Day two saw everyone up and raring to go as we left Drymen behind and passed through swathes of beautiful flowering Gorse on our way to Conic Hill, one of my favourite spots on the trek. We made our way up to the very windswept peak where the views across Loch Lomond were breathtaking before the long descent to Balmaha where the weather was clement enough for us to eat our picnic in Tom Weir Park under the watchful eye of the eponymous statue complete with scarf and bobble hat! The rest of day two is spent meandering along the shores of the bonny loch with more ups and downs than you might consider as we made our way through some beautiful patches of woodland and admired the views of Ben Lomond towering ahead of us in the distance. We eventually popped out of the woodland at Rowardennan where the group retired to the hotel bar to admire the view over a restorative pint and celebrate the completion of a second, excellent day!

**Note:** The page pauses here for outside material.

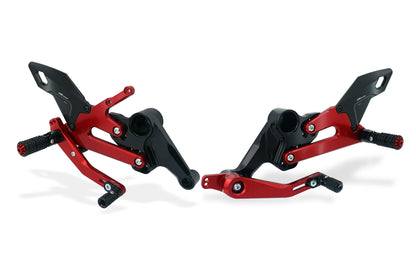 CNC Racing RPS Adjustable Rearsets for the Aprilia RS 660 (2021+)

Day three and we finally got some more traditional “Scottish” weather ! We had another day of Lochside walking as we made our way to the Inversnaid Hotel situated next to a beautiful waterfall. The low cloud made for atmospheric scenery as we tackled the tricky onwards stretch before emerging onto a beautiful beach with a view South down the loch and the Island I Voy in the foreground. With the rain still steadily falling it was a short climb up to the head of Glen Falloch and a sad farewell to the Loch Lomond views before the long descent took us past grazing herds of shaggy coated, magnificently be-horned Feral Goats to the cosy welcome of the bar at Beinglas campsite. Three days down and everyone still smiling!

After the rigours of the narrow rocky Lochside paths, day four was a relatively relaxed day as we left Inverarnan and followed the banks of the River Falloch past it’s famous falls. We then followed the old military road to the half way point of the whole trail where our trek manager Ed had arrived with Muffins and cakes to celebrate! The rest of day four saw us pass the ruins of St Fillian’s Priory, admire spectacular views of Ben More and the snowcapped Ben Lui, stop for welcome refreshment at the Strathfillian wigwams and reacquaint ourselves with the legend of Robert the Bruce at the Dalrigh Battlefield and the Lochan of the Lost Sword. We were all in Tyndrum in good time and looking forward to the legendary twenty miler on day five over Rannoch Moor and into Glencoe.